Cuma, Eylül 02, 2005

Taşlı Yollar


photo: "Old Datca" Erol Pir


Bu akşam eski Datçanın taşlı yollarında, aklıma takılan bir şarkıyı mırıldanarak yürürken, birden yerde hummalı bir hareketlilik ilişti gözüme… Bilenleriniz bilir geceleri pek iyi görmem ama bu fazlaca dikkat çekiciydi. İrice karıncalar kışa hazırlık yapıyorlardı gece yarısına yakın bir vakitte… Hiç uyumaz mı bu böcecikler? Cüsselerinin bilmem kaç katı yükü sırtlamışlar çok ilginç rotalı bir yol tutturmuşlardı… biraz seyrettim, çok hoştu…
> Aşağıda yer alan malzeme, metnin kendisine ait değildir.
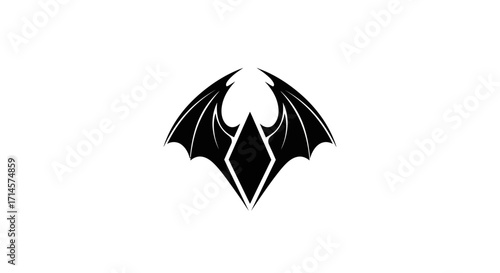 A stylized black diamond shape with bat-like wings extending outwards on a white background.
Salı günü izin günümdü… sabah çok erken kalkmadım. Bu arada burada erkencecikten kalkıyorum… çok hoşuma gidiyor… bazen saatten önce kalktığım bile oluyor ve bu beni şaşırtıyor… Neyse izin günümde biraz geç kalktım… hiçbir plan yapmadığım için önce biraz ne yapabileceğimi düşündüm. Kahve suyumu ısıtmak üzere su ısıtıcısının düğmesine basıp, bahçeye çıktım… Aaa fesleğenlerim kendinden geçmiş… Oysa biricik karıma söz vermiştim onları kurutmayacağıma dair. Kahvemi koyup geri geldim… fesleğenlerimle konuştum… etrafta konuşacak kimse olmayınca, her nesne bir sohbet partnerine dönüyor inanın. Musluğu çok hafif açıp, fesleğenlerimi suya doyurdum…. İşte o an etrafıma baktığımda, herşeyin nasıl da mükemmel yaratıldığı düşüncesi sardı beynimi… Doğa inanılmaz bir denge ile ayakta dipdiri ve kendinden emin sarmalamış beni… fesleğenlere su verdiğimi gören diğer bitkilerin bakışlarından rahatsız oldum bir ara… Tamam dedim sıra sizede gelecek… cılız begonvilimin dibine bıraktım hortumu… hemen koşturup küçük bahçemde bulunan asma, zakkum, limon ve begonvile de sularını verip, günaydın dedim… Hemen fesleğenlerimin bulunduğu bahçeme geri döndüm… onları bir yaz yağmuru tadında sularken, taşların da ıslanmak istediği hissine kapıldım… onları da suladım… büyüyüp serpilsinler için değil. Mis gibi taş/toprak kokusu yaysınlar diye… Nedendir bilinmez bugün mükemmel bir gün… Denize de gitmem lazım… Ne yapıp ne edip gitmek lazım…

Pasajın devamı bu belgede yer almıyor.